While no one is going to confuse the boardwalk of Winnipeg Beach for Rydell High School, that does not mean that performances similar to “Summer Nights,” with slightly different production values, did not regularly occur in the resort town eighty kilometers (fifty miles) north of Winnipeg. Thanks to Dale Barbour’s entertaining and thoughtful monograph, one gets the chance to hear what youthful heterosexual romance and its accompanying homosocial policing sounded like off Broadway.
Barbour’s chief contention is that the way Winnipeg Beach was spatially constructed during the first half of the twentieth century created a “safe space” where “summer dreams” might come true, “if only briefly and if only in a controlled manner” (p. 18). He identifies and maps a series of cultural intersections--nature and urban space, land and water, ethnic groups, and different classes--that crisscrossed this beach community, coding at least parts of it as anomalous regions where limited gender challenges could occur. He claims, as other historians of amusement have, that such seaside destinations (Coney Island, Blackpool, etc.) channeled and adapted preindustrial carnival traditions. These midways on or by the beach were commercialized play spaces made for the masses, where they were able to vent off the pressures of modern, urban living; strengthen the bonds of established communities; and, to some degree, test out new social maps.

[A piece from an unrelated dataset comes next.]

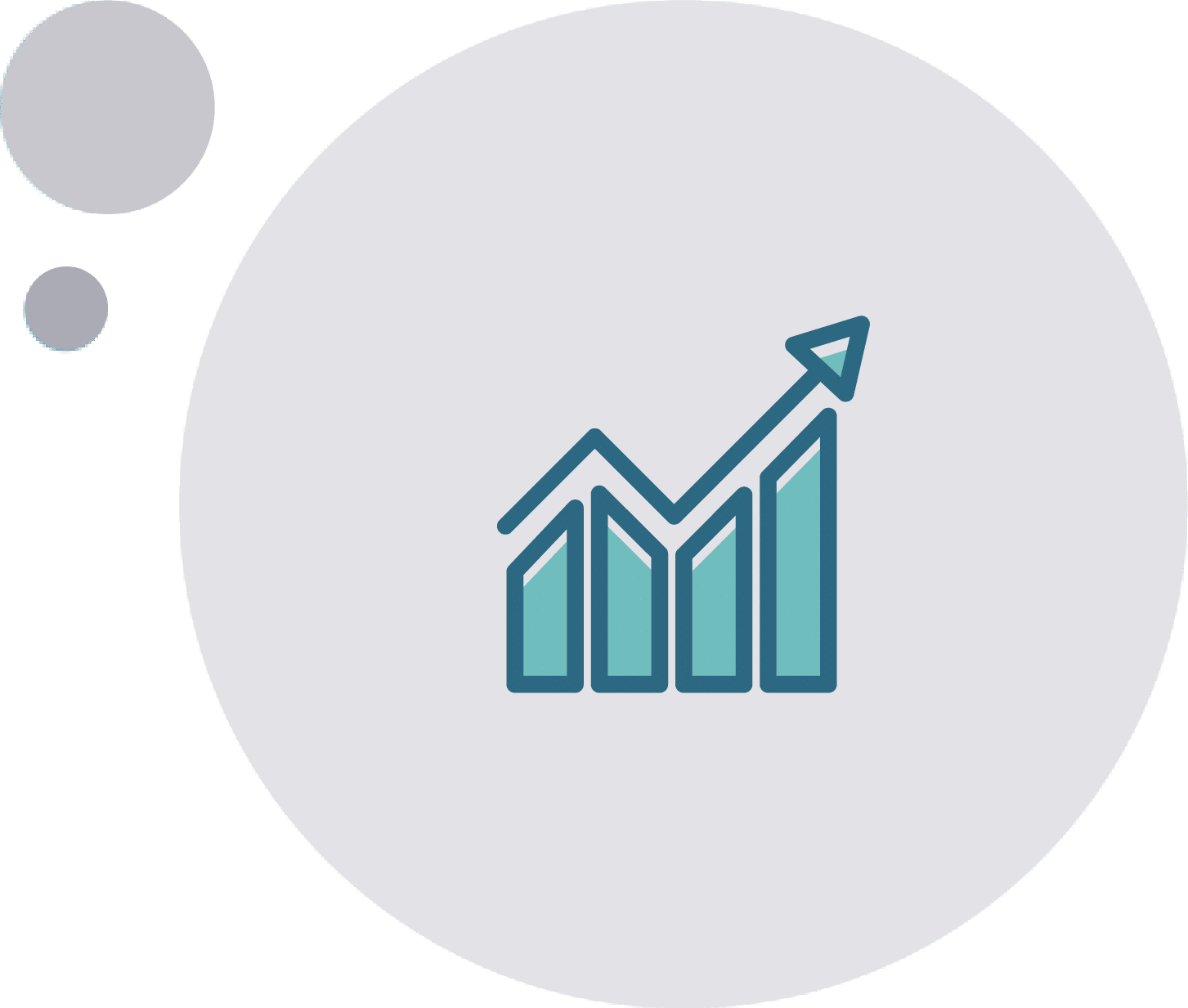 Grow customer lifetime value (CLTV)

While Barbour finds all this at Winnipeg Beach--much of it mediated by the entrepreneurial aspirations of the Canadian Pacific Railway (CPR)--he stresses that the resort’s “energy” came from men and women looking for a good time. But, one could suggest, that energy might have been the result of a beach composed of so many active cultural fault lines. As Barbour observes: “By acting as a boundary point between so many divides, Winnipeg Beach was in many ways a place where things could be turned upside down.” He adds that it was “a place where men and women might be themselves and become themselves” (p. 18).
A generous backdrop is unfurled in the historical analysis of the formation of this pleasure site. Barbour sees reflected in the development of Winnipeg Beach the tension between a more genteel middle-class approach to leisure and a more industrialized, commercialized, and rough-and-tumble working-class one. He observes different ethnic communities trying to make themselves whiter. He notes the influences of mass production and mass consumption in reorganizing gender relations. He factors in the emergence and development of a distinct youth culture. And he emphasizes how the resort adapted to the changes in the Anglo-American systems of courtship from calling to dating to more sex-centered courting.

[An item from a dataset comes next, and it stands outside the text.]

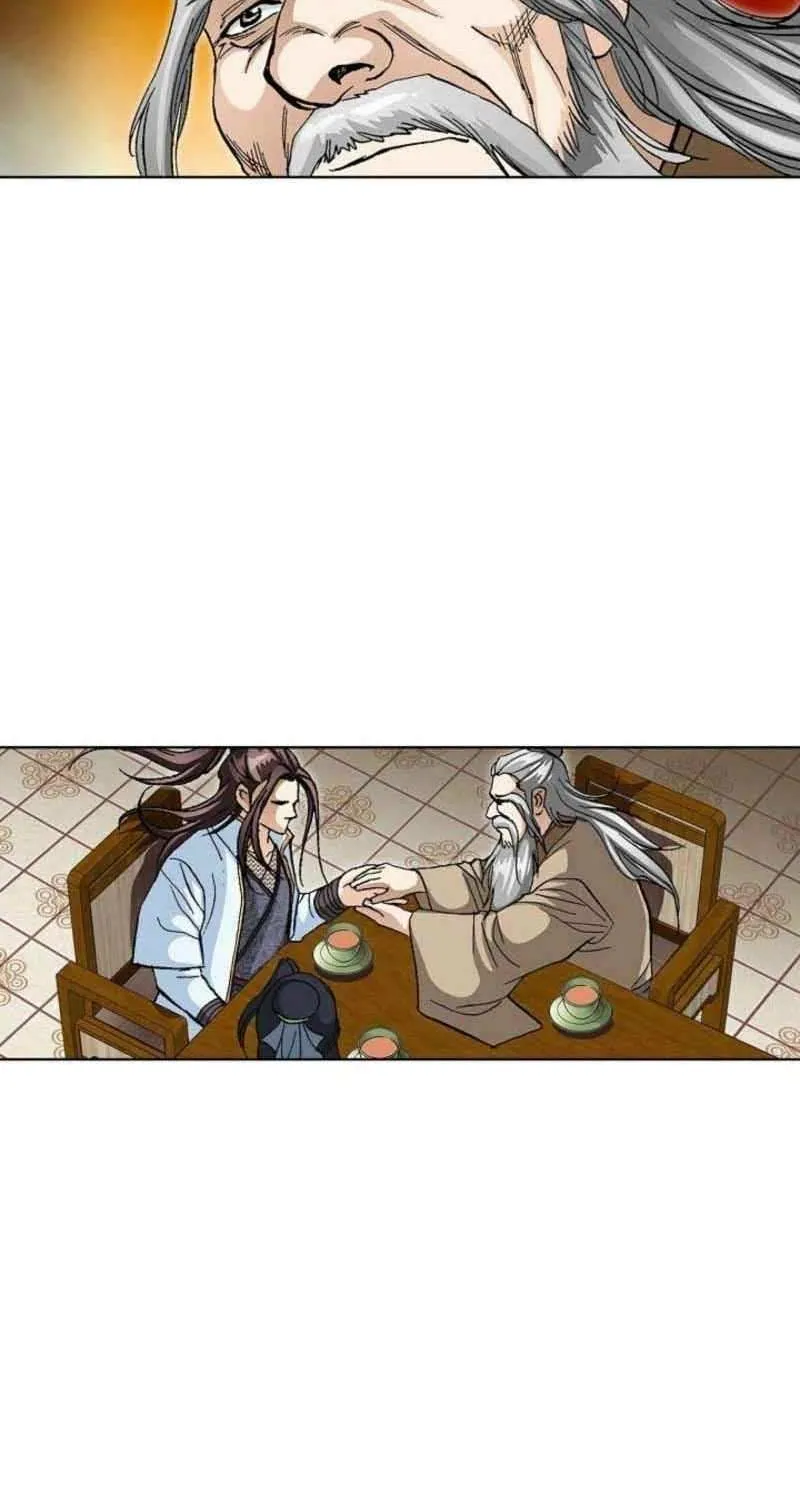 Read Peerless chapter 70 image 43 on Lezhin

Woven into and interacting with these international processes, Barbour examines how they were translated when they crashed into Winnipeg Beach. To do this, he spatially deconstructs the beach into three zones: the transportation corridor; tourism infrastructure; and the amusement area or leisure zone, “the heart of Winnipeg Beach” (p. 97). A chapter is dedicated to each zone. The interplay of each zone comprises the Winnipeg Beach experience. To try to bring to life these experiences, he taps diverse sources. He acknowledges that none are unmediated windows to the past. Along with the usual suspects--newspapers, advertisements, photographs, literary accounts, etc.--Barbour relies heavily on his interview subjects’ memories and previous oral history projects. Radio, a medium embraced by many beach communities, probably would have been a source worth exploring as well.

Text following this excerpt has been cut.